Wednesday, June 06, 2007

Journey From a Chinese Orphanage to a Jewish Rite of Passage

after searching "chinese jewish", via flickr

Listening to the inaugural Rice Daddies podcast I learned that part of DISL's heritage is Jewish.

This occured to me when I came across this article, on (registration required), via inherentthesis, a blog by a friend who is doing a MFA thesis on the modern definition of family.
"Of the 613 laws in the Torah, the one that appears most often is the directive to welcome strangers. The girl once known as Fu Qian has been thinking about that a lot lately.

"Three weeks ago, she stood at the altar of her synagogue on the Upper West Side and gave a speech about it.

"Fu Qian, renamed Cecelia Nealon-Shapiro at 3 months, was one of the first Chinese children — most of them girls — taken in by American families after China opened its doors to international adoption in the early 1990s. Now, at 13, she is one of the first to complete the rite of passage into Jewish womanhood known as bat mitzvah." --continued at


daddy in a strange land said...

I think it was the last issue of Hyphen that had an interesting piece about the growing number of Asian American (esp. LGBTQ) Jews, both by conversion and thru intermarriage.

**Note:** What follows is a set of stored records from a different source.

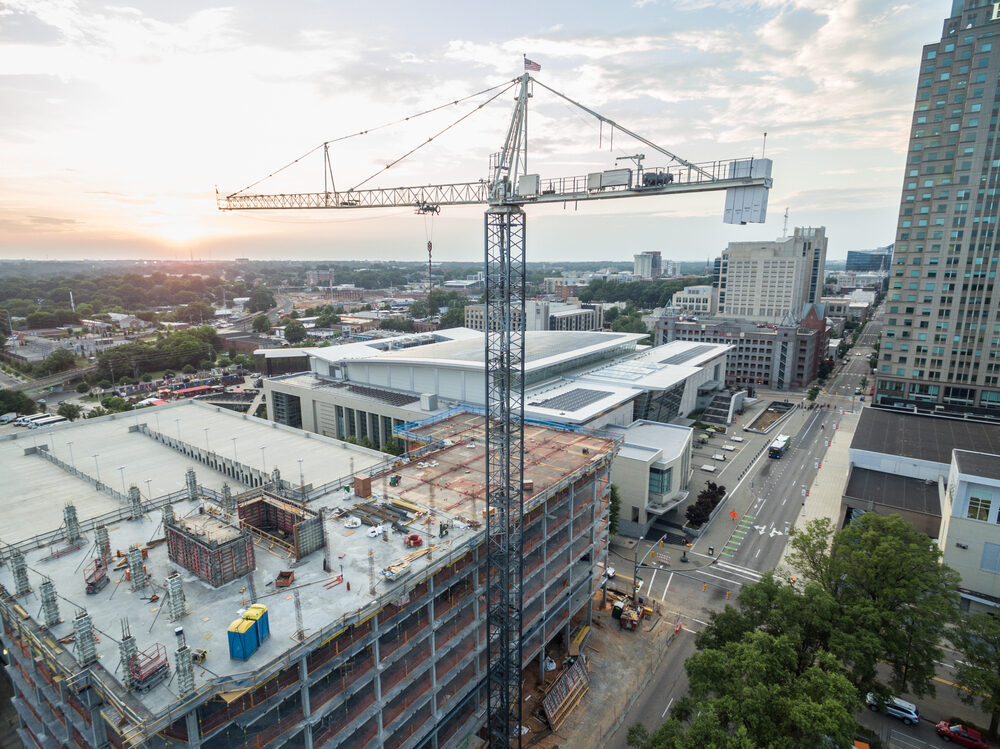 North Carolina Workplace Injury Rate Lower Than National Average sunset behind a downtown raleigh,nc construction site crane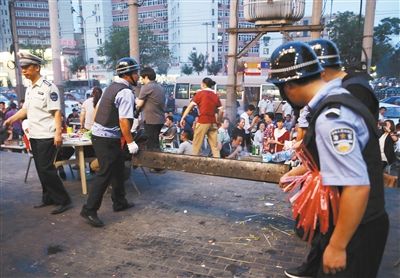 6月13日晚8點，朝陽路和青年路交叉口西側(cè)，一次聯(lián)合執(zhí)法行動中，輔警與協(xié)管抬走商戶的燒烤用具。新京報記者 尹亞飛 攝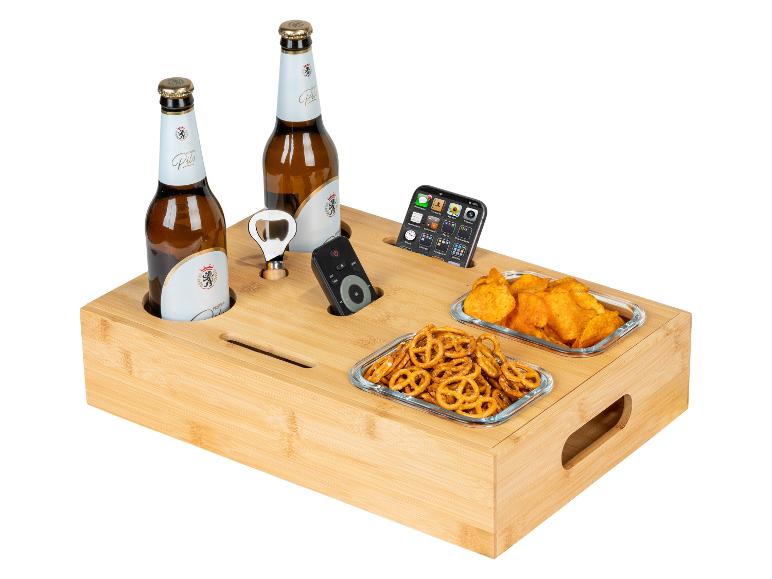 Bambus-Serviertablett mit Bierflaschen, Snacks, Flaschenöffner, Fernbedienung und Telefon.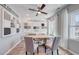 Contemporary office space with a table desk, comfortable chairs, and a large window for plenty of natural light at 315 River Edge Dr., Myrtle Beach, SC 29588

I'm a mixed-race secular/ethnocultural Jew only, though. :)

la dra said...

Sadly, no bar mitzvah pictures for my hubby. :( But we do have Eagle Scout pics if anyone's interested. Love you, honey!

Green said...

That's interesting. I don't recall any kids at my temple/hebrew school who weren't born jewish (to jewish mothers), but I do recall it being drummed into us over the years that EVERYONE is always welcome in any temple, and that we should be made to feel welcome in any house of worship (church, but I think the rabbi/teachers felt it sacreligious to say 'church' inside the temple or something).